*** Block opens ***
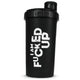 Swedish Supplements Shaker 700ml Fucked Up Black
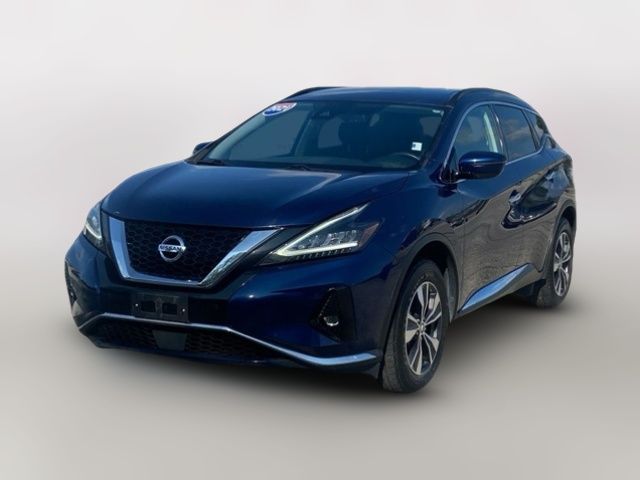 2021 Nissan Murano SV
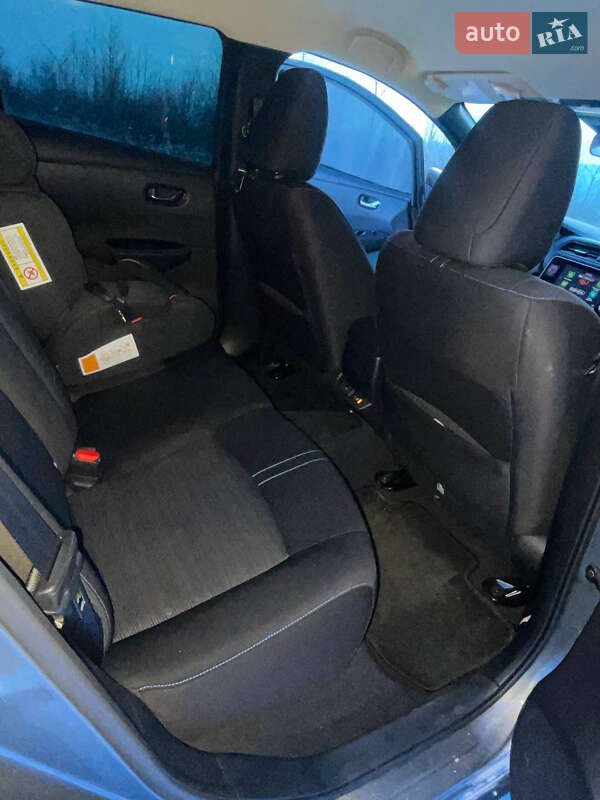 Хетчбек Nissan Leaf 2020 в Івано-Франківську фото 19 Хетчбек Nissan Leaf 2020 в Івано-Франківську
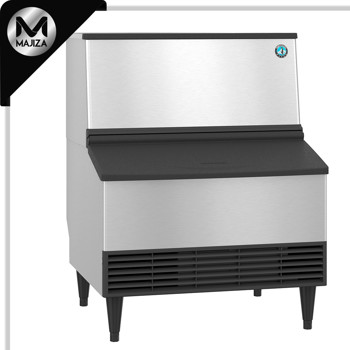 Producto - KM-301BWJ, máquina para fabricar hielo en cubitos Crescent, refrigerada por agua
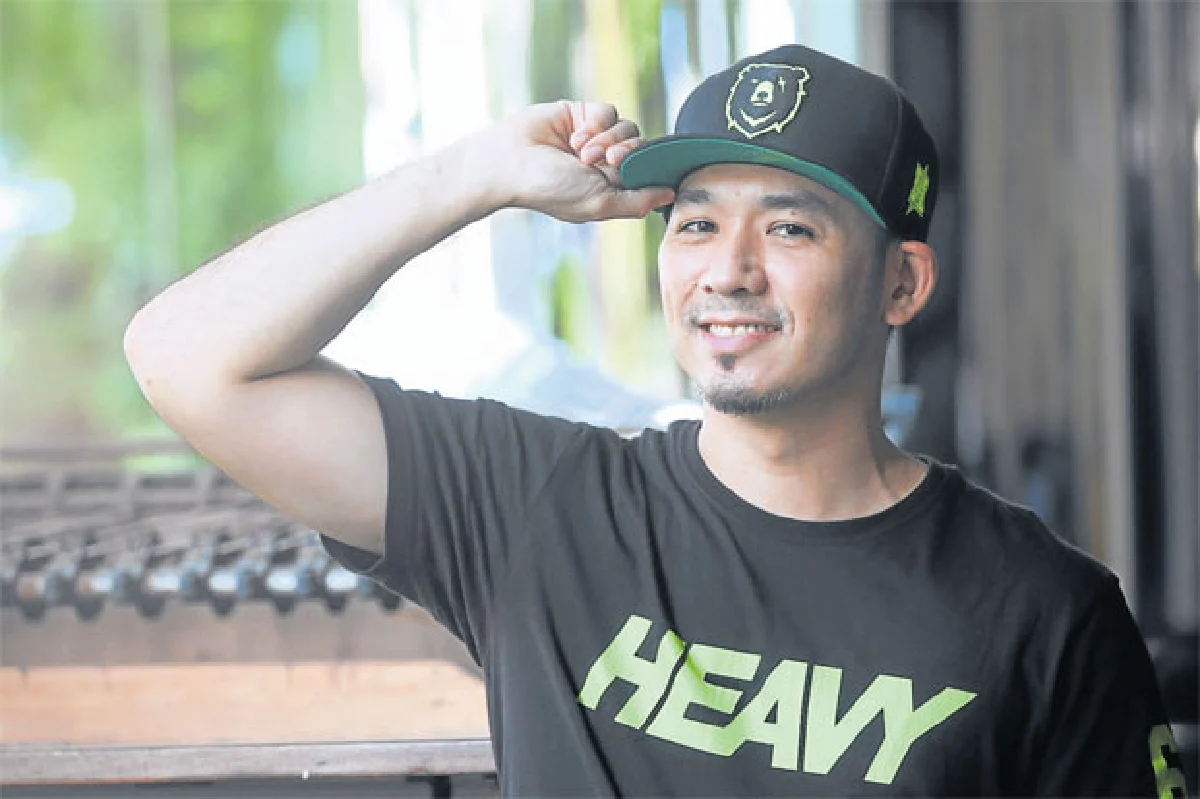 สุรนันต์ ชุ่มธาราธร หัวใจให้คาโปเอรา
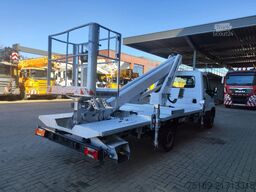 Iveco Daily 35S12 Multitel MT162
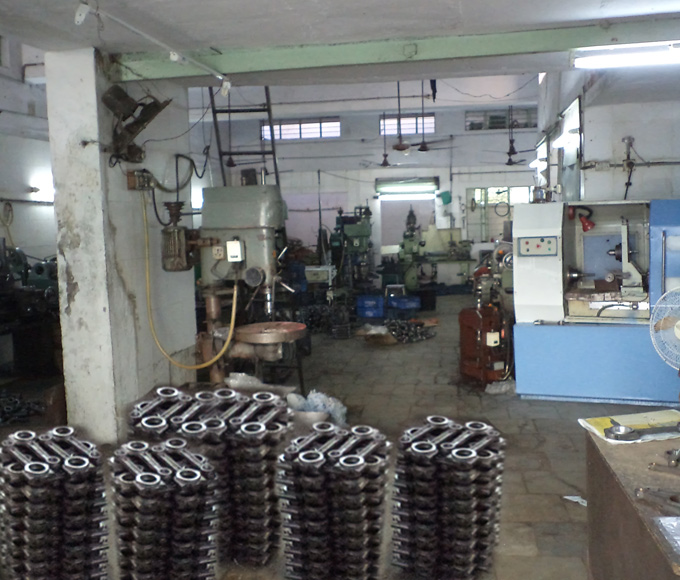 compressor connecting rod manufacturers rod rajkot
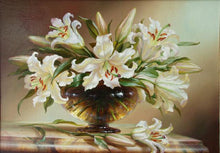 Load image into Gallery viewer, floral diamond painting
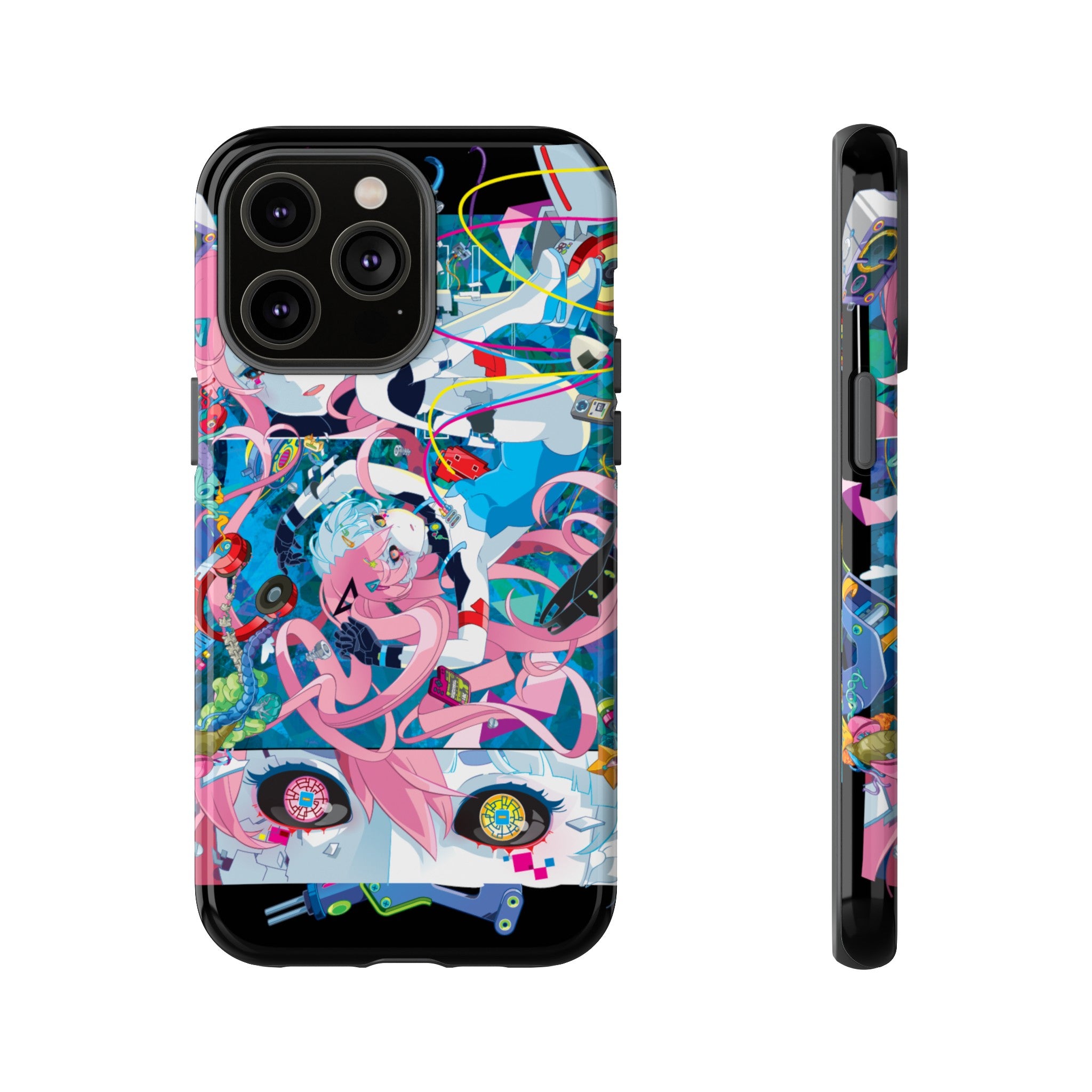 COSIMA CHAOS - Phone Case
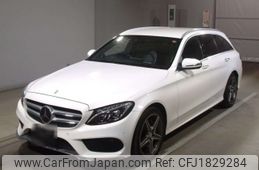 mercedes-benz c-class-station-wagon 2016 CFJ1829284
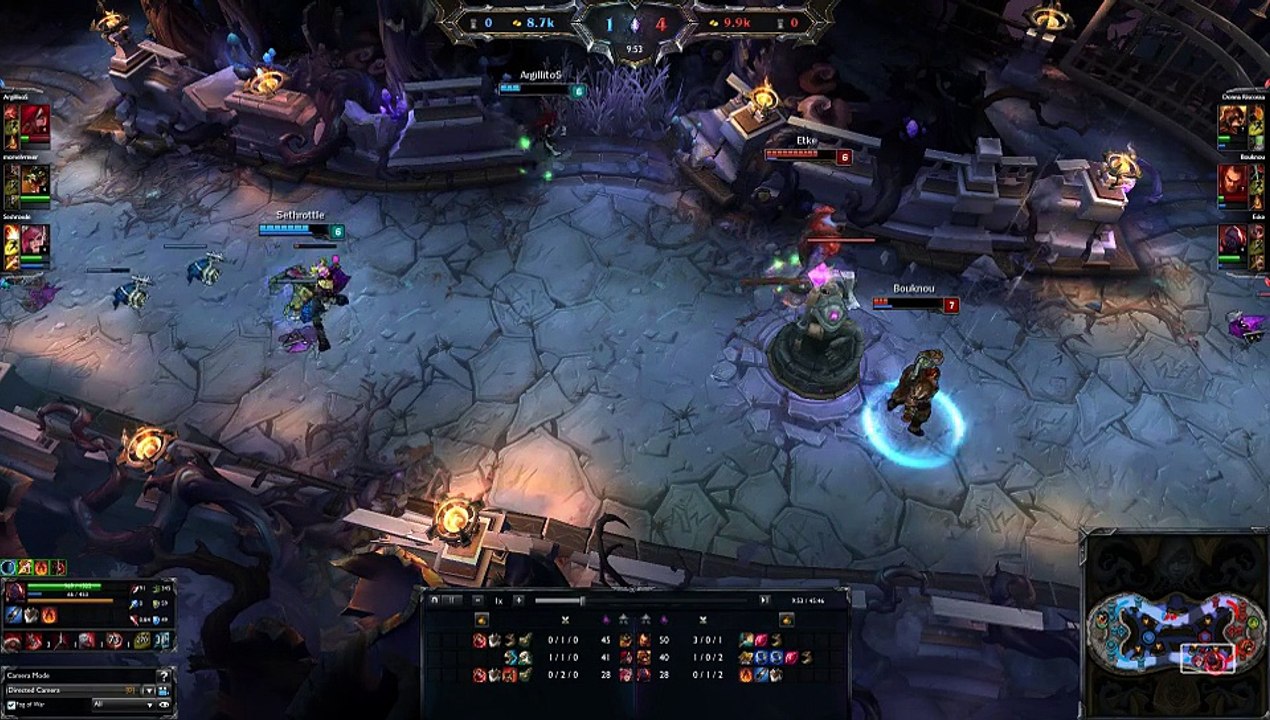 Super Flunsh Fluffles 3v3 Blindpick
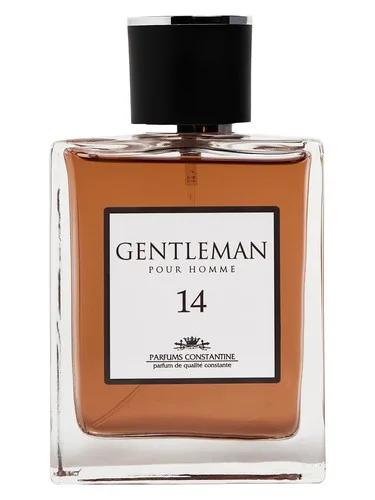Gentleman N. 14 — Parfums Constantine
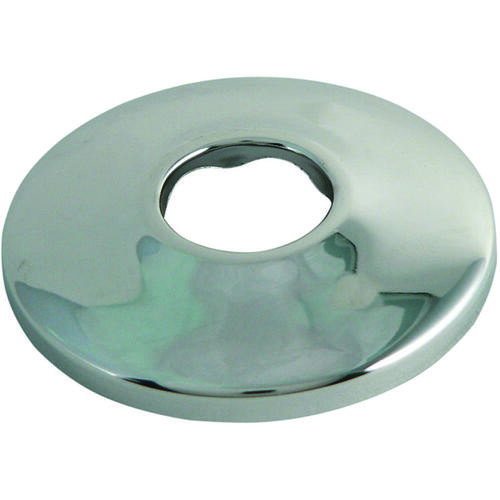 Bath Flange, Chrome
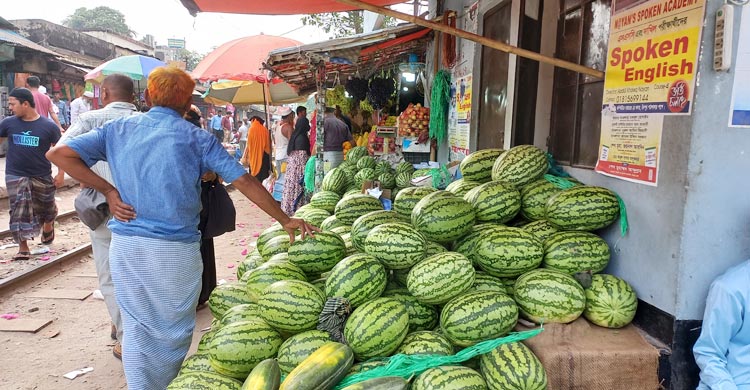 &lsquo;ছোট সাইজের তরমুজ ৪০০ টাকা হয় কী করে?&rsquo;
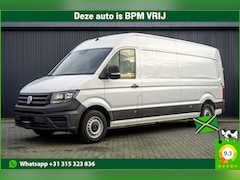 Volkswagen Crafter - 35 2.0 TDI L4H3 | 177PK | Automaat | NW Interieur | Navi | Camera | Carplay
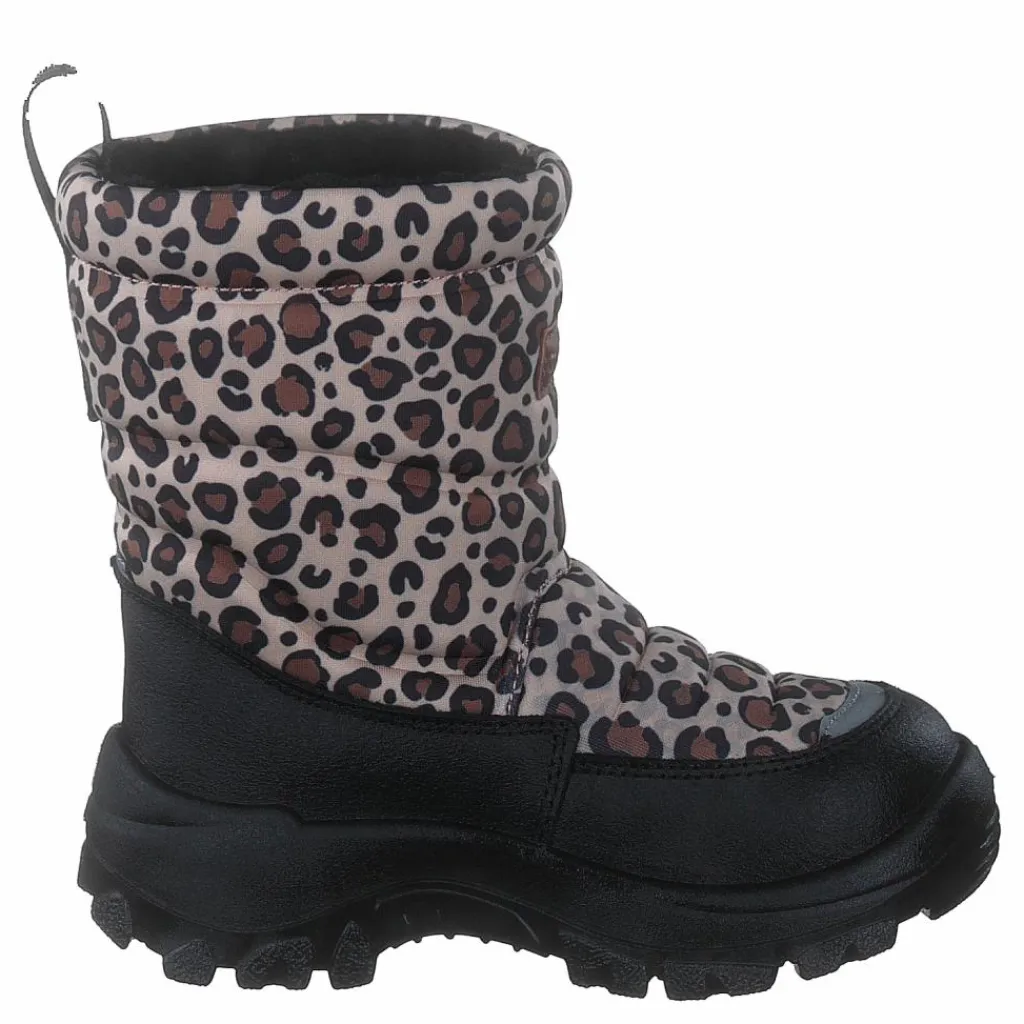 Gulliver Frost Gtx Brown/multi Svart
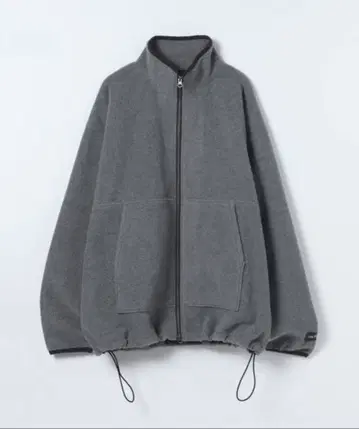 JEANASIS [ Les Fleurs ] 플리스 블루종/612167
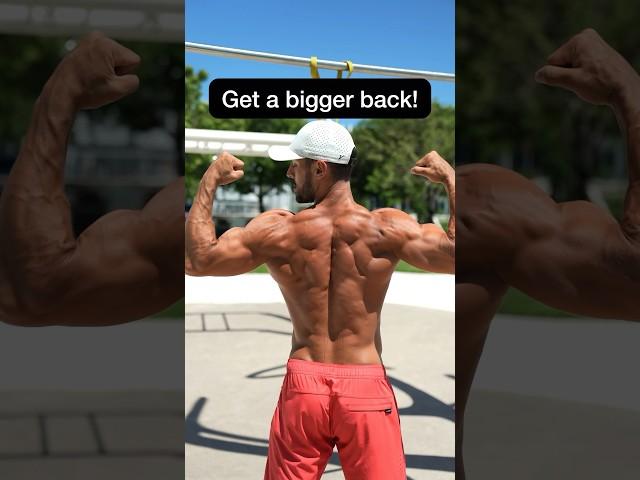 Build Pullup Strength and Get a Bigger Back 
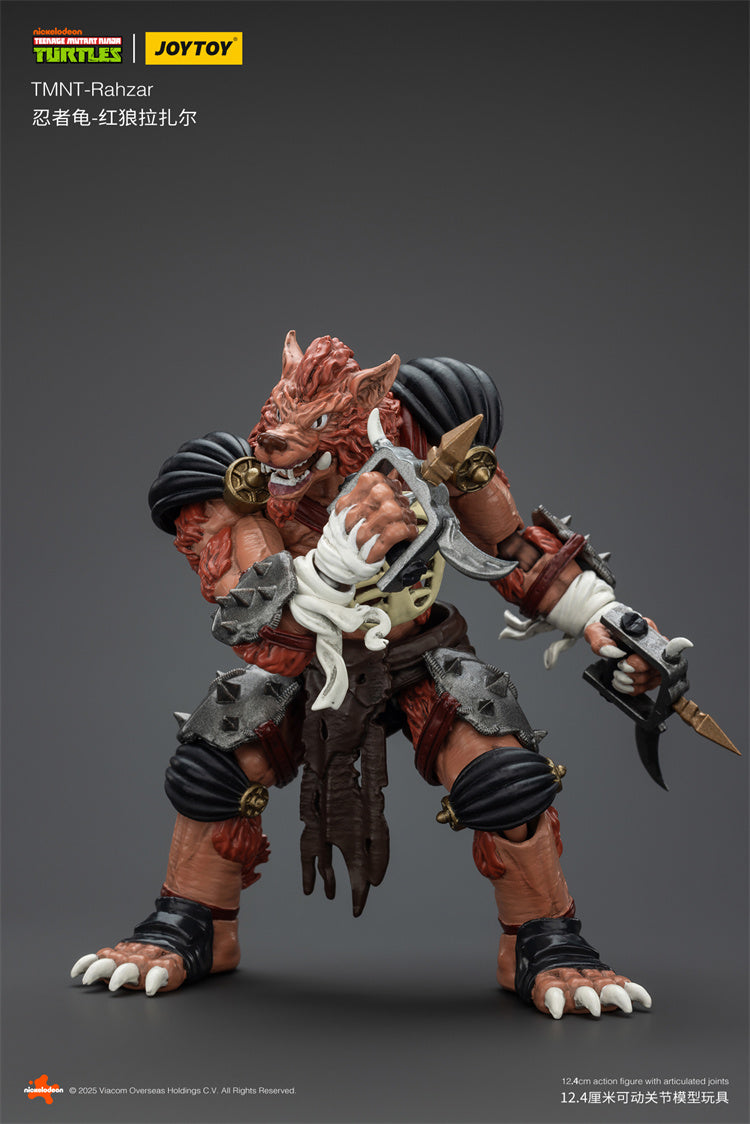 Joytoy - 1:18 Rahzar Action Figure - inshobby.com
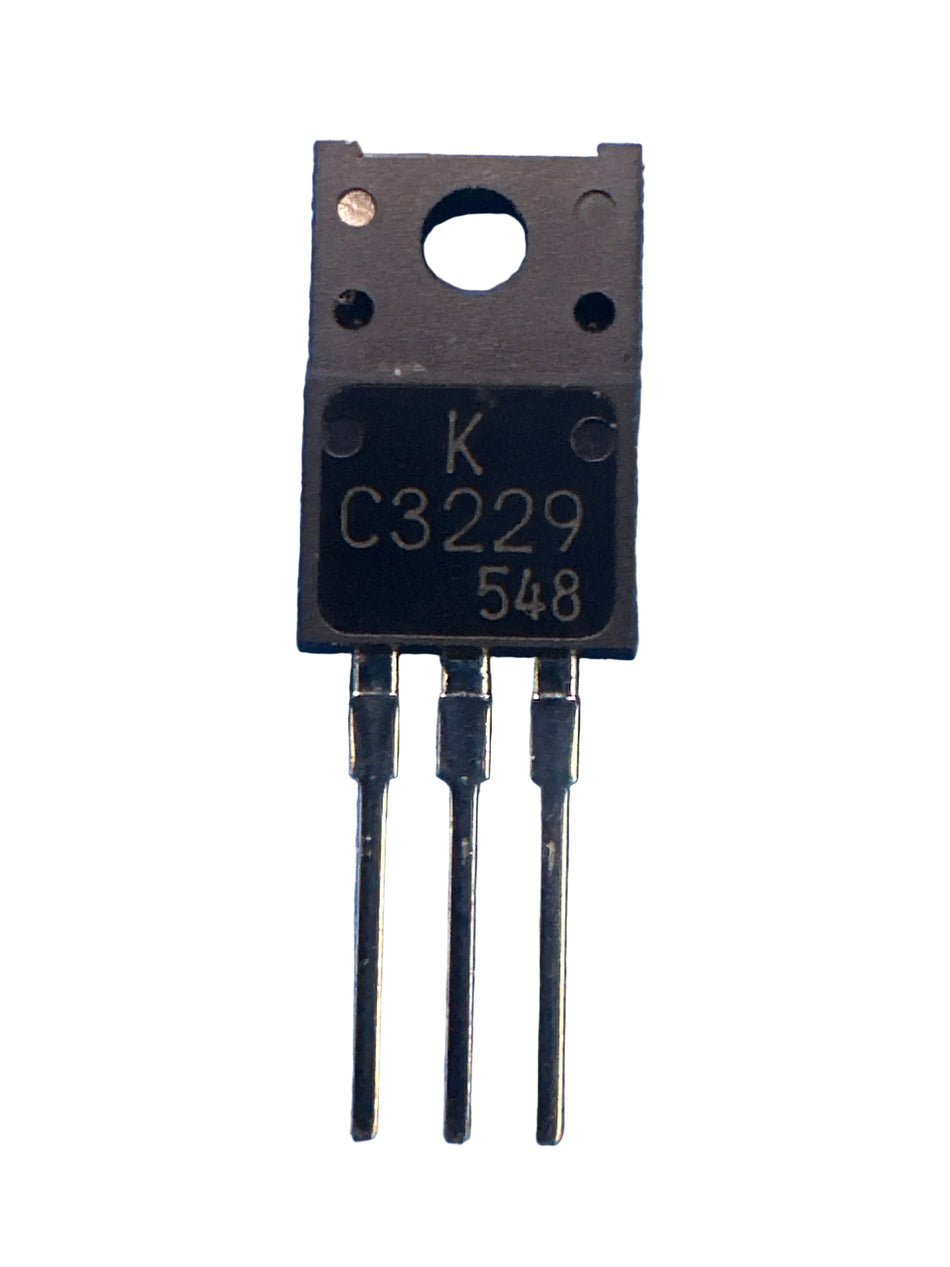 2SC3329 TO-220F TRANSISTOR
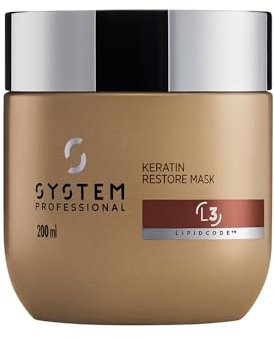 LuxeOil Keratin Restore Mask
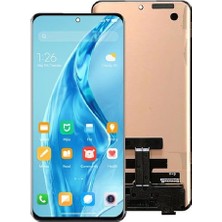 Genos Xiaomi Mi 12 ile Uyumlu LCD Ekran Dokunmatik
*** Block closes ***
_Aim of the exercise_
Your answer must be the exact lines from the one containing "Producto - KM-301BWJ, máquina" through the last line of the records above, with both included and no pictures.

_Solution_
 Producto - KM-301BWJ, máquina para fabricar hielo en cubitos Crescent, refrigerada por agua
 สุรนันต์ ชุ่มธาราธร หัวใจให้คาโปเอรา
 Iveco Daily 35S12 Multitel MT162
 compressor connecting rod manufacturers rod rajkot
 Load image into Gallery viewer, floral diamond painting
 COSIMA CHAOS - Phone Case
 mercedes-benz c-class-station-wagon 2016 CFJ1829284
 Super Flunsh Fluffles 3v3 Blindpick
Gentleman N. 14 — Parfums Constantine
 Bath Flange, Chrome
 &lsquo;ছোট সাইজের তরমুজ ৪০০ টাকা হয় কী করে?&rsquo;
 Volkswagen Crafter - 35 2.0 TDI L4H3 | 177PK | Automaat | NW Interieur | Navi | Camera | Carplay
 Gulliver Frost Gtx Brown/multi Svart
 JEANASIS [ Les Fleurs ] 플리스 블루종/612167
 Build Pullup Strength and Get a Bigger Back 
 Joytoy - 1:18 Rahzar Action Figure - inshobby.com
 2SC3329 TO-220F TRANSISTOR
 LuxeOil Keratin Restore Mask
 Genos Xiaomi Mi 12 ile Uyumlu LCD Ekran Dokunmatik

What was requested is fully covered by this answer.